Fazendo visitas em anos distintos
os pesquisadores puderam notar, em regra, as diferenças no padrão das famílias
atendidas, como um sofá no casebre que vivia antes sem mobília, roupas nas
crianças ou uma televisão.
A descrição das casas visitadas,
aliás, foi um dos relatos mais impactantes. Numa delas, a mãe vivia em
constante medo, “de que as crianças caíssem no buraco usado para fazer as suas
necessidades”.
Ponto importante da pesquisa foi
demonstrar que além das famílias beneficiárias, o pequeno comércio local também
se saiu muito estimulado pela Bolsa Família –o mercado de “pobre para
pobre”.
Pequenas vendas e empresas
familiares foram se desenvolvendo nas regiões, também beneficiadas com o
aumento do salário mínimo e dos proventos de aposentadoria.
Uma das beneficiárias contou
alegremente que, com o valor do BF passou a poder comprar “macarrão de pacote”
-até então comprava o alimento a granel, em quantidades menores.
O cartão passou a significar
também crédito nas vendas e a consequente elevação de autoestima.
Outro mito é de que as mulheres
têm filhos para aumentar o rendimento que o benefício provoca.
O aumento do benefício é
claramente insuficiente para sustentar uma nova criança. Constatou-se, aliás,
que com pouco acesso aos equipamentos de saúde, as mulheres comemoravam
enormemente quando conseguiam aligação das trompas, que as impedia de ter novos
filhos.
O ponto central da pesquisa foi
exatamente o ganho de autonomia das mulheres, em famílias tradicionalmente
patriarcais.
Isso ocorreu porque os cartões
foram confiados às suas mãos.

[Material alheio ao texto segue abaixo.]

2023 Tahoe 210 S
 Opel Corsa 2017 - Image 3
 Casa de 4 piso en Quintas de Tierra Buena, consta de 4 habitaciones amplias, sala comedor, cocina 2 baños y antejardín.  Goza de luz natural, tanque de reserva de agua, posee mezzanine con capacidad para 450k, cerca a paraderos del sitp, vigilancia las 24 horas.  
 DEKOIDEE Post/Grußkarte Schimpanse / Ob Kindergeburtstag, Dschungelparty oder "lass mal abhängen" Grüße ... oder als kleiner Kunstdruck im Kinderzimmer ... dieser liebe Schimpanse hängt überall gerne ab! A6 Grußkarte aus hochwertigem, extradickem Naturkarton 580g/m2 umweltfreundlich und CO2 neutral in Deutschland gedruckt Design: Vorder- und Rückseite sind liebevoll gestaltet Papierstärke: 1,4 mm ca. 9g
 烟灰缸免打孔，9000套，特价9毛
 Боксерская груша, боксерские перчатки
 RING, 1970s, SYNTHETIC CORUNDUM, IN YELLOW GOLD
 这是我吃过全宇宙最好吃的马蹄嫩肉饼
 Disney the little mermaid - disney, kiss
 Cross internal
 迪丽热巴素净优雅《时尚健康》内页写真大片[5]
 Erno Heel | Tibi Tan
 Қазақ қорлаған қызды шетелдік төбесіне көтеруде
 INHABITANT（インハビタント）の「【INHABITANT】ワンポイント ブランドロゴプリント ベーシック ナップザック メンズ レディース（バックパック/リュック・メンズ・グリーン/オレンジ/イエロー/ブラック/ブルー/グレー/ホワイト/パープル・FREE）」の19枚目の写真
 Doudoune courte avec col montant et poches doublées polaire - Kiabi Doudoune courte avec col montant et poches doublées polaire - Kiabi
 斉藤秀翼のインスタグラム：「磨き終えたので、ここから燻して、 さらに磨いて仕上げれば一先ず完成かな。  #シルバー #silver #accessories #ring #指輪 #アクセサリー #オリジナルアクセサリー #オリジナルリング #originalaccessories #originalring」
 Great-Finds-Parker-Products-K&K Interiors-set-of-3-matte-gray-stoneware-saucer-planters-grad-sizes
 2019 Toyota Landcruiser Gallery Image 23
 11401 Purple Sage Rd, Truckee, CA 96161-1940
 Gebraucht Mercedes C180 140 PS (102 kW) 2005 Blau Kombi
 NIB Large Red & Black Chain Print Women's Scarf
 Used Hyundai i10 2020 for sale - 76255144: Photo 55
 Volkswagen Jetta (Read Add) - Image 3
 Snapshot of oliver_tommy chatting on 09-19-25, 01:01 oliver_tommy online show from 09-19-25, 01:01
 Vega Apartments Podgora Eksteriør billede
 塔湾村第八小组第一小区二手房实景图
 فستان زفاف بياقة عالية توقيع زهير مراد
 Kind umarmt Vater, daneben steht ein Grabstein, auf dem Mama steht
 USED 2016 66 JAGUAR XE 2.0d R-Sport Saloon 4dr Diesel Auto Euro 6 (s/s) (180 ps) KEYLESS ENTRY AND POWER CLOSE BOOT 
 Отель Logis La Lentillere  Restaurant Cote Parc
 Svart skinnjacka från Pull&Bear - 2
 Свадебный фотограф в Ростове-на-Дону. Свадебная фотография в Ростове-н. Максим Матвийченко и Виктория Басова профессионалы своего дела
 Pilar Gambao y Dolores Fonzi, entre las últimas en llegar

A maioria delas entendeu que tinham melhores
condições de cuidar das compras da casa (ao invés de gastos desnecessários dos
maridos), mas isso também significou maior possibilidade de interromper ciclos
de violência doméstica. Em alguns lugares, aumentaram as separações.
Os pesquisadores concordam que o
Bolsa Família é um instrumento insuficiente para debelar a pobreza. Mas
reconhecem que ele tem servido para salvar vidas em situações de altíssima vulnerabilidade
–só o recebem famílias que têm renda per capita igual ou inferior a 70
reais.
As mulheres já começam a entender
que o benefício é um direito, não apenas um favor e não foram poucas situações
em que os pesquisadores localizaram comunidades que o discutiam coletivamente.
O Bolsa Família concretiza alguns
princípios que, inscritos na Constituição, costumam parecer letras mortas, como
o primado da dignidade humana, a obrigação de erradicar a pobreza e de reduzir
as desigualdades. É bom lembrar que, antes de políticas partidárias, esses
comandos são exigências constitucionais.
Mas o fato é que o Estado
brasileiro se acostumou a dar mais para quem menos precisa. Está inundado de
incentivos fiscais a empresas, comodatos de áreas públicas a clubes ricos,
auxílios diversos a servidores graduados.
Quando o benefício reverte para a
mais frágil camada da sociedade, no entanto, por menos que represente, é
instrumento de ódio, rancor e profundo preconceito.